Por favor, que funcione. Por favor. Pero mis perseguidores no eran aficionados. Ellos seguían detrás de mí como sabuesos entrenados, sus luces perforando la nube de polvo, acortando la distancia con cada segundo que pasaba. Hoy sí estaba verdaderamente asustada, no solo nerviosa o preocupada, sino aterrorizada hasta los huesos.
Miré adelante y vi la salvación: esta calle de tierra salía a otra carretera pavimentada. Agarré nuevamente el asfalto y aceleré con la desesperación de quien juega la última carta, pero ellos siempre me alcanzaban como una pesadilla que nunca termina.
La carretera se extendía abierta y desolada. Había pocos autos, pocas opciones, pocas esperanzas. Trataba desesperadamente de perderlos entre el tráfico escaso, zigzagueando como una loca, pero sus autos eran más potentes, más rápidos, más implacables.
Voy a morir. Voy a morir aquí, sola, sin que nadie sepa qué me pasó.
Estaba por perder las esperanzas completamente, por rendirme al destino cruel que me esperaba, cuando algo milagroso sucedió. Un auto amarillo brillante, como un rayo de sol en medio de la tormenta, se interpuso entre mis perseguidores y yo.
Miré por el retrovisor con los ojos llenos de lágrimas de gratitud. Ese auto misterioso les cortaba el acceso completamente, moviéndose con precisión quirúrgica, no los dejaba rebasar por ningún lado, como si el conductor fuera un ángel guardián con habilidades de un piloto profesional.
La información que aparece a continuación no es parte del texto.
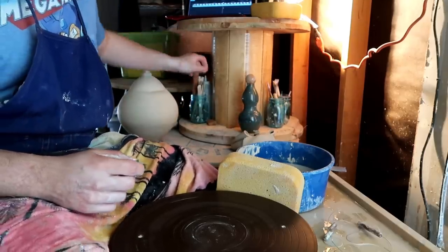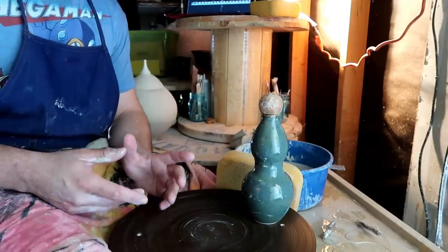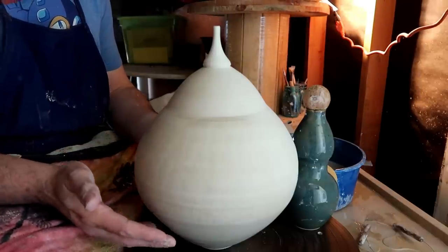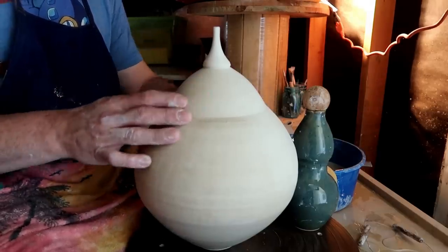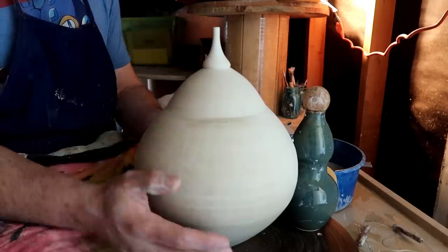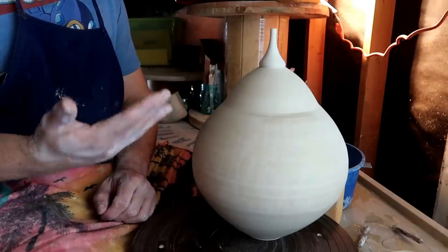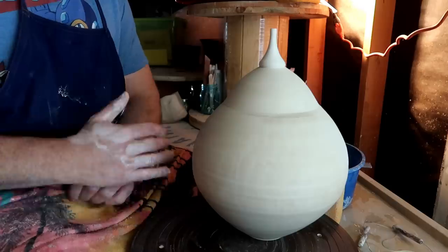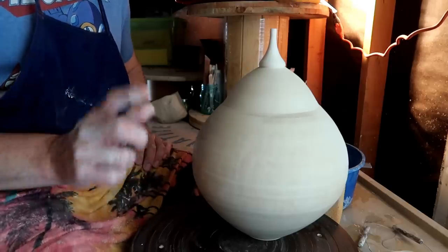Thank you dirty potters for joining me today. Hopefully you can see how we get from a cylinder to curvier shapes, and once you get really proficient at choking, collaring, and focal point collaring, you can end up doing very high-level stuff — like this piece where somebody popped a cylinder out as much as they could, choked it at multiple focal points, made a tiny little choke, then a nice little nozzle, while still making space for an air hole so it doesn't blow up in the kiln. With enough practice you'll get there. Links to my artwork are below, and we have a fantastic Facebook and Discord community. Have a fantastic week — I'll see you dirty potters next week.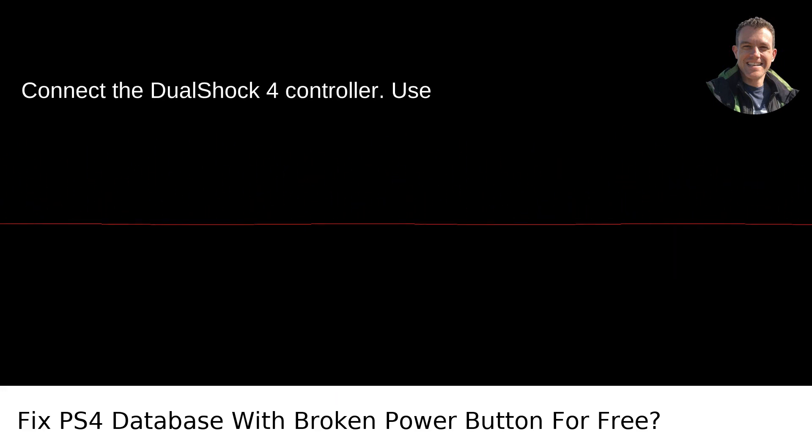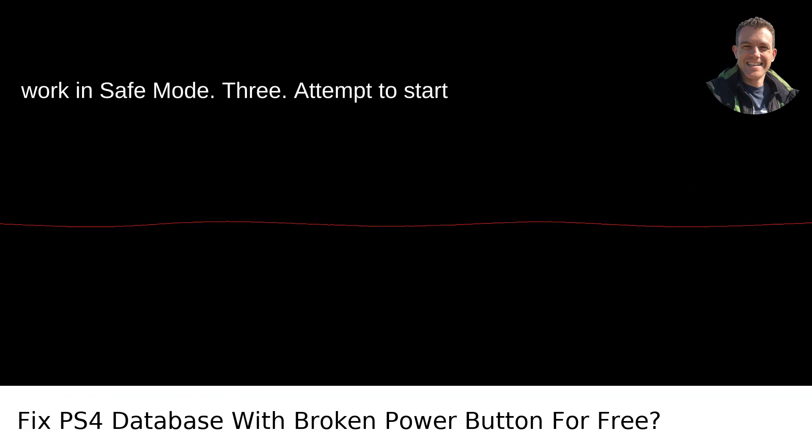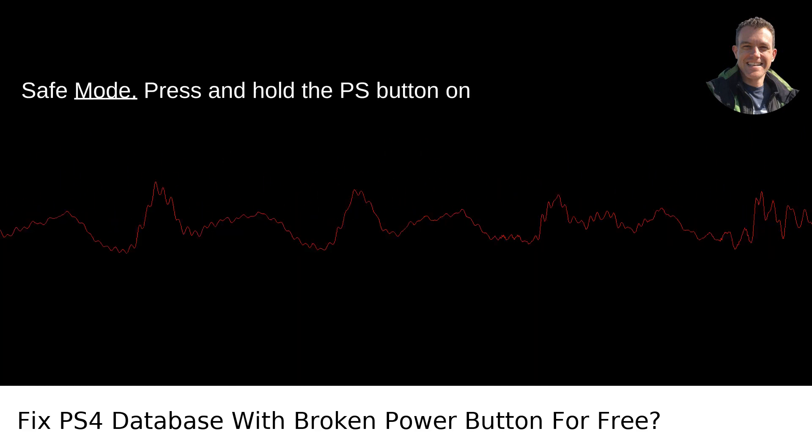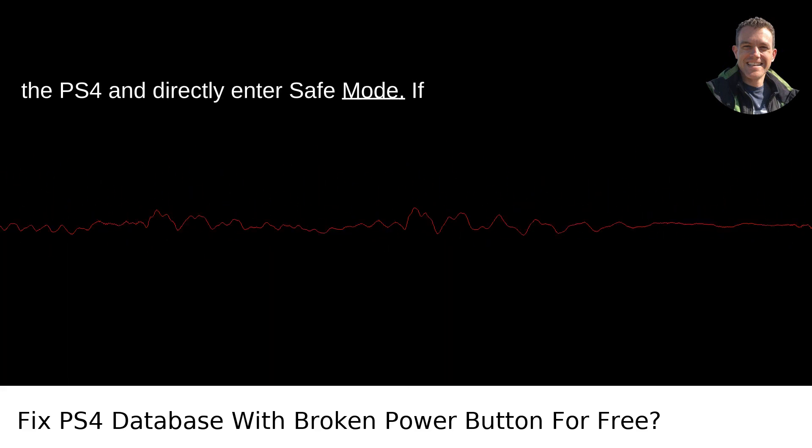Step two: connect the DualShock 4 controller. Use the USB cable to connect your controller to the PS4. Wireless connections won't work in safe mode. Step three: attempt to start safe mode. Press and hold the PS button on the controller to see if you can power on the PS4 and directly enter safe mode.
Sonreí a través de las lágrimas al ver una esperanza real por primera vez en los últimos veinte minutos de terror. Alguien me está ayudando. No estoy sola.
Y entonces, como en una película de acción perfectamente orquestada, dos patrullas de la policía surgieron por la parte de enfrente, bloqueando la carretera con precisión militar, obligando a los otros vehículos a detenerse, pero dejándonos pasar tanto al auto amarillo como a mí, como si todo hubiera sido planeado.
Miré por el retrovisor una última vez y vi cómo mis perseguidores se daban a la fuga como cucarachas cuando se enciende la luz, desapareciendo en direcciones opuestas para evitar a la policía. Se acabó. Por fin se acabó.
Detuve mi MINI Cooper destrozado a un lado del camino, el motor humeando, mis manos temblando incontrolablemente. Sentía que me faltaba el aire, como si hubiera corrido un maratón en altitud. Me bajé tan aprisa del auto que perdí completamente el equilibrio, mi cuerpo traicionándome en el momento de la victoria.